Today’s report from the National Economic and Social Council (NESC) Ireland’s Private Rental Sector: Pathways to Secure Occupancy & Affordable Supply sets out the policy response required. It argues for both providing tenants with more secure occupancy and increasing the supply of permanent affordable rental housing available to low and medium-income households.
NESC’s vision and strategy is based on two core arguments.
First, Ireland needs a secure occupancy model with a number of elements, including:
- greater rent certainty for tenants through a disciplined market-sensitive form of regulation and adjustment;
- a move from four-year leases to leases which are effectively indefinite.
Second, Ireland needs measures to increase the supply of rental housing. These include:
- more active housing supply and land management and disciplined examination of the cost of housing. To be further discussed in a separate forthcoming NESC report;
- provision of low cost loans, access to state land on favourable terms and loan guarantees subject to rents being affordable;
- reform of the tax treatment of rental income, to include full relief of landlords’ interest payments, in a context of secure occupancy;
- giving priority to investment proposals that underpin permanent provision of social and affordable housing; and
- vigorous delivery of the Social Housing Strategy.
Dr. O’Donnell, Director of NESC, stated that Government policy has set affordability as the first goal of housing policy: this is potentially transformative. Taking up the affordability challenge in rental requires a commitment to an integrated approach. Such a strategy can be more than the sum of its various parts—rent certainty, secure occupancy, tax treatment and others. It is this synergy that will transform the sector.
To download the Main Report and Executive Summary, please click here
Note to Editors
The report was circulated to Government departments and noted by the Cabinet at its meeting on Tuesday May 12th 2015. The full report and the Executive Summary will be published on NESC Website, on Wednesday May 13th.
For further information please contact Larry O’Connell, firstname.lastname@example.org / +353-86 6069758 / +353-1-8146331.

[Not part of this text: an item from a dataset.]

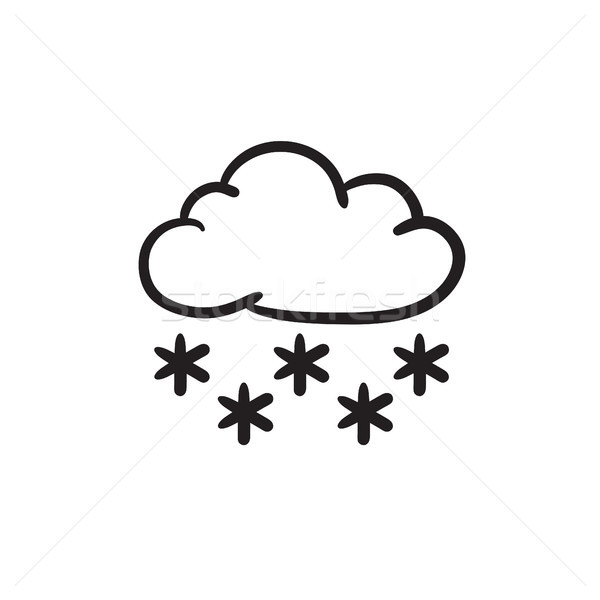 Wolke Schnee Skizze Symbol Vektor isoliert Stock foto © RAStudio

This report is NESC’s contribution to Government development of a new national policy for the private rental sector, including issues such as investment, standards and regulation, as indicated in Construction 2020 and the Social Housing Strategy.
It is the third report published by NESC on housing policy over the past year. The first of these reports, Social Housing at the Crossroads, looked at the actions needed to support the development and financing of social housing in Ireland; it was published in June 2014. The second report, Homeownership and Rental: What Road is Ireland On? examined the evolving balance between homeownership and rental accommodation; this second report was published in December 2014.
A further report on housing supply and land will shortly be published by the NESC Council. This forthcoming report sets out the case for a more active public role in driving housing supply.
In addition, NESC will also publish a research report commissioned from an independent consultant, Philip Lawton that examines the relationship between housing the development of sustainable urban communities.
Recent NESC work on housing builds on earlier work by the Council. In particular, in 2004 the Council carried out a major study on housing called Housing in Ireland: Performance and Policy.